Evans-Pritchard, who has defined ethnology from the British perspective of social anthropology, observes that despite social anthropology and ethnology having the same subject matter, they differ in their perspective.
In the beginning, no distinction was made in Britain between ethnology and social anthropology; however, the two are now considered as separate branches. Evans-Pritchard writes:
Though in the past no clear distinction was made between ethnology and social anthropology, they are today regarded as separate disciplines.
Having established ethnology and social anthropology as independent social disciplines, Evans-Pritchard spells out the definition of ethnology as under:
The task of ethnology is to classify peoples on the basis of their social and cultural characteristics and then to explain their distribution at the present time or in the past times, by the movement and mixture of peoples and the diffusion of cultures.
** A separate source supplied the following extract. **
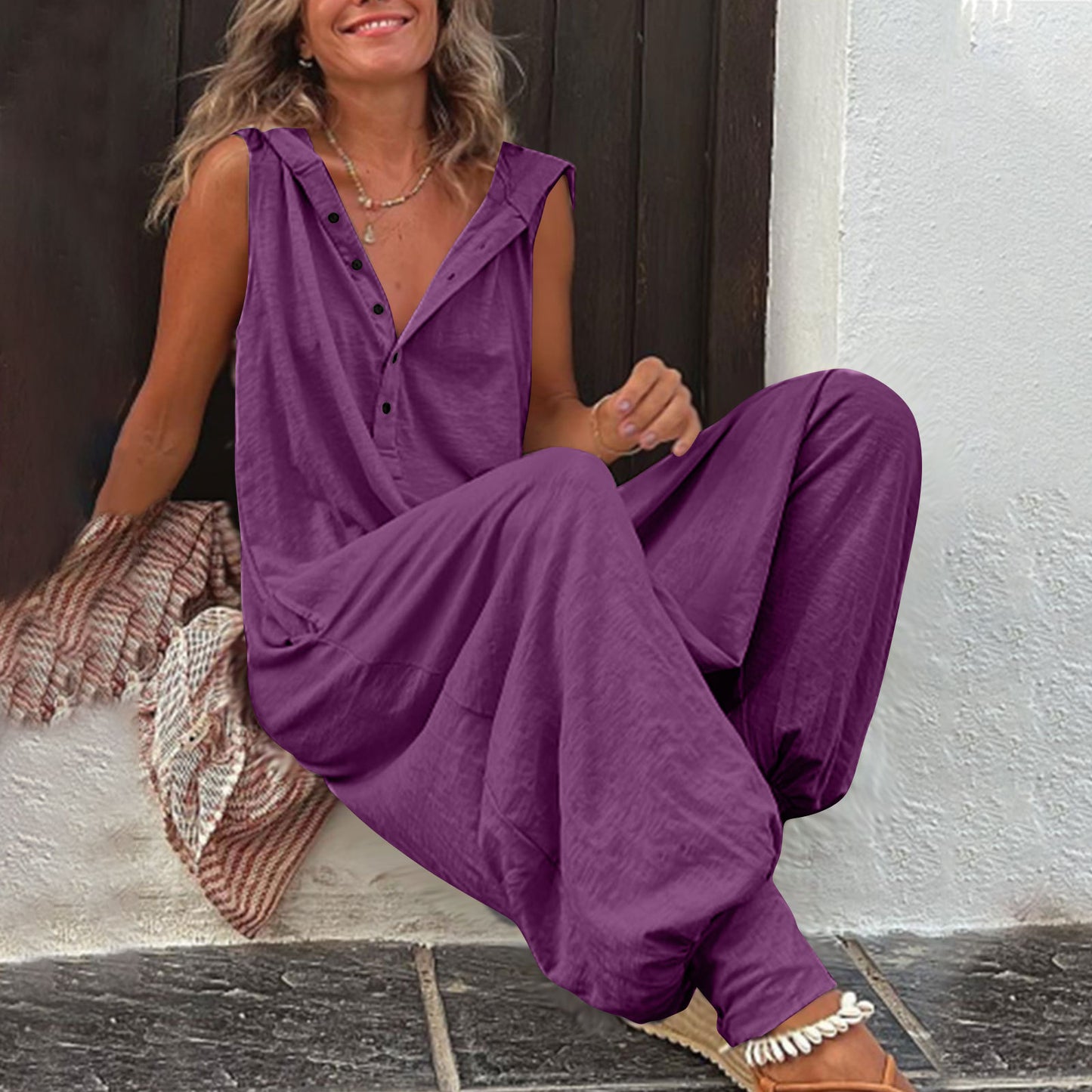 Hooded Sleeveless Pants Set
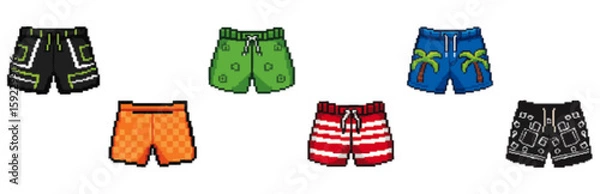 Obraz A collection of six diversely patterned men's swim shorts, showcasing various colors and designs.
Evans-Pritchard argues that the basic task of ethnology-is to make a classification of peoples and cultures. When this is done social anthropology makes comparisons between primitive societies.
If we take the Indian situation, we will find that K.S. Singh in his report on the People of India (POI) classifies the tribal groups into four social stocks, namely, the Negrito, the Protoaustraloid, the Mongoloid and the Caucasoid.
According to him, the Jarawas, the Gonds, the Nagas, and the Gujjars fall into these categories, respectively. This is the work of pure ethnology. Based on this classification, Singh compares the developmental scales of these tribal groups.
The usefulness of ethnology as a branch of anthropology helps us to reconstruct the history of primitive peoples, for whose past historical records are lacking. The ethnologists are compelled to rely on references from circumstantial evidence to reach their conclusions, which in the nature of the case, can never be more than probable reconstruction.
Thus, Indian ethnology, which is a part of social anthropology, in much influenced by British ethnology. K.S. Singh has discussed the development of ethnology in India in his Tribal Society in India (1985). He accepts that Rai Bahadur Sarat Chandra Ray was the father of Indian ethnography. He is given this status because of his book The Mundas and their Country (1912). Sarat Chandra has written a large number of monographs on the tribals of Bihar. As a matter of fact, ethnology is concerned with three basic things:
(1) Classification of groups on the basis of racial types,
(2) Narration of culture, and
(3) Study of tribals and primitives.